Nerd Club

I spend a lot of time working with technology that I don’t understand. They are black boxes to me; I write code, it does what I want it to do. Great!

Let’s use SQLite as an example: I can write SQL, and I understand that indexes are efficient because they are B-trees. But I certainly do not understand how the query engine converts my SQL to an algorithm, nor do I understand how a B-tree is serialised to disk. I do have a rough mental model, though. Even if I did learn how B-tree storage worked, I still wouldn’t know how memory really works on disk; a black box remains.

The fun of my job is to reduce those black boxes. But I have to choose where to do that. Will learning how flash memory works in conjunction with SQLite be the best use of my time? No.

The biggest black box I have right now is the backend at work! I know roughly what happens: I send a network request, it gets routed to a computer in our fleet, data is hydrated (we fan out?), it reads data from memcache, and we map data to JSON. Oh, hang on, I don’t have a clue how that works. I have a rough blurry mental model, in fact, its a blackbox. I don’t have a clue how the backend works!

Working on reducing the black box of the backend and the systems that run it makes me more effective at work.

Whilst pondering how on earth I was going to tackle this in short succession, two of my colleagues mentioned the book Designing Data-Intensive Applications written by Martin Kleppmann. Someone even had it on their desk!

I vaguely knew of this book, and browsing through it I realised this book contained a literal map to understanding a lot of the black box that was the « backend »!

One button click on Amazon and two days of waiting later I was the proud owner of the first edition! I now carry it around the office doing what I call « Performative Software Engineering ». I find it makes me look far more intelligent than I am!

A few days later, we have a small group of us assembled. We’ve read the first two chapters now and it has been exciting! Our general pattern has been to read for a week or two, and then get together in a meeting room and talk about what we’ve learned. In the space of a few hours of talking I’ve had so many questions answered, and found that I know more than I thought and can engage on topics of systems at scale!

Chapter One

Day to day, I work on Etsy search. The first paragraph of the book neatly summarises the domain we work on:

Many applications today are data-intensive, as opposed to compute-intensive. Raw CPU power is rarely a limiting factor for these applications - bigger problems are usually the amount of data, the complexity of data, and the speed at which it is changing.

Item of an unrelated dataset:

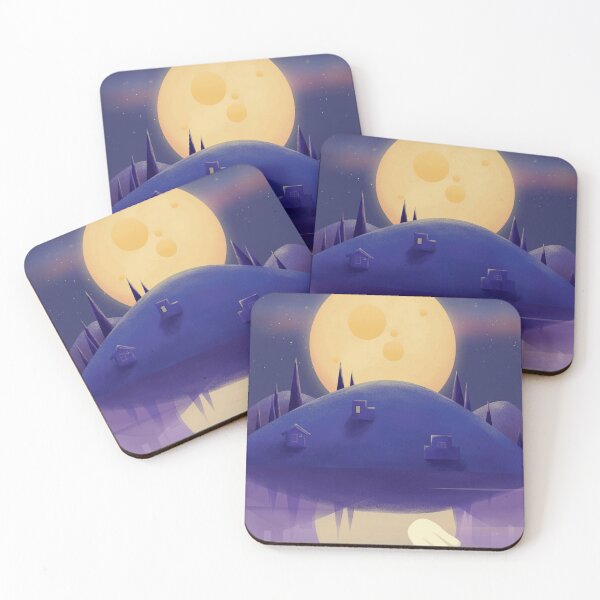 Item preview, Fantasy moon over hill Illustration designed and sold by Desikhanna123.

A big chunk of our work is actually moving data around and analysing it. One colleague has been working on analysing consecutive sales, yes, algorithms do show up in your day-to-day work (leetcode)!

We do a lot of work analysing data and moving it from one place to another. Imagine analysing listings on sale and finding consecutive sales! This is data-intensive work, we have never discussed if we will overload CPUs.This paragraph (yes, the first in the book!) has opened my eyes to a new approach to thinking about what the blackbox of a backend does. This doesn’t change how I do my work, my job has always been about marshalling data from one place to another. But it has made it explicit.

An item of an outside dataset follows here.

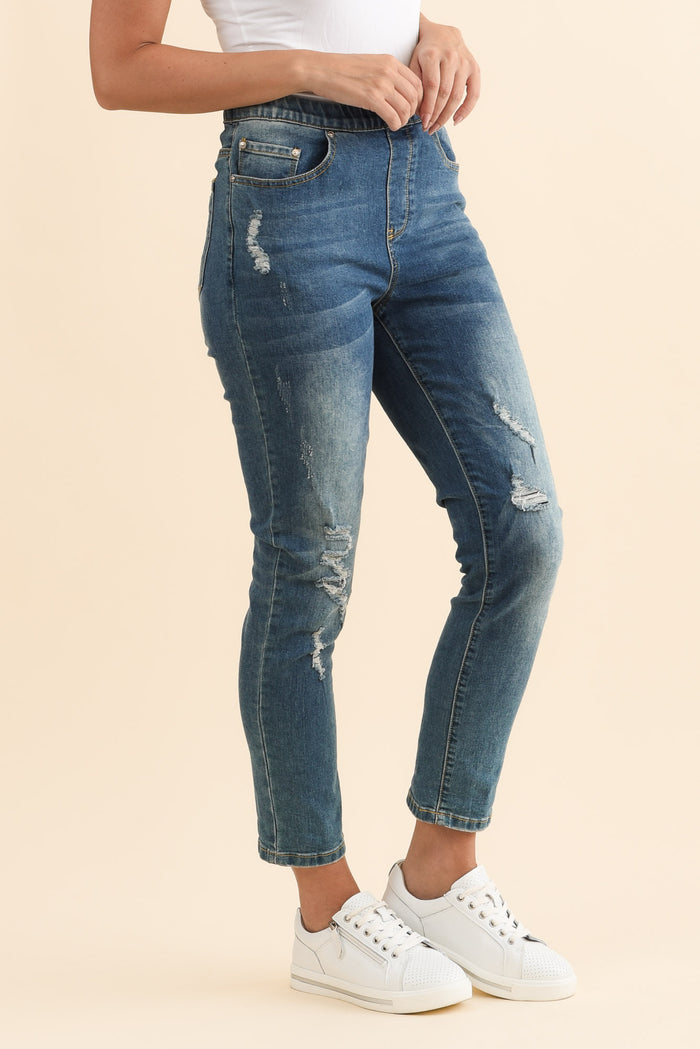 Zadie Distressed Blue Stretch Jeans,Brunette model,alt text|model:MJ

The first chapter introduces four terms:

Faults - Something that can go wrong in your application. These are split neatly into Hardware, Software, and Human errors. I’m a few chapters ahead « Fault » is a consistently used word throughout the book.
Reliability - This is how your application handles faults, regardless of type. Unreliable software impacts money, trust and reputation. Reliability isn’t only for Nuclear Power Stations.
Scalability - How does your program handle growth in load? The case study is how Twitter manages accounts with varying numbers of followers Tweeting. It’s not straightforward! We also learn how to quantify Load, perfect for Observability!
Maintainability - This introduces more terms: Operability, Simplicity and Evolvability. All descriptors of how to make operations run smoothly and make it easy for new devs to onboard and improve a system.

These are such simple terms, but already they have made their way into our day-to-day conversations. At first, this would evoke reactions of « ha! That’s from the book ». But we’ve realised these terms bring consistency and definitions to our conversations. It actually roots our conversations in a shared vocabulary that we all understand.

Not only that, but we’ve applied these to what Etsy does. For example, how does clearing up data we’ve saved to a cache for an experiment fit into Maintainability? Our documentation and processes are now improving as we know our observability must be better for the Reliability of our systems!

Start a book club

I’ll leave with this: start a book club. Every one of your colleagues can help you learn by providing diffierent pieces of knowledge or points of view. You will leave every book club better off for it.

We’ve also named our book club Nerd Club, because frankly who else is reading O’Reilly books?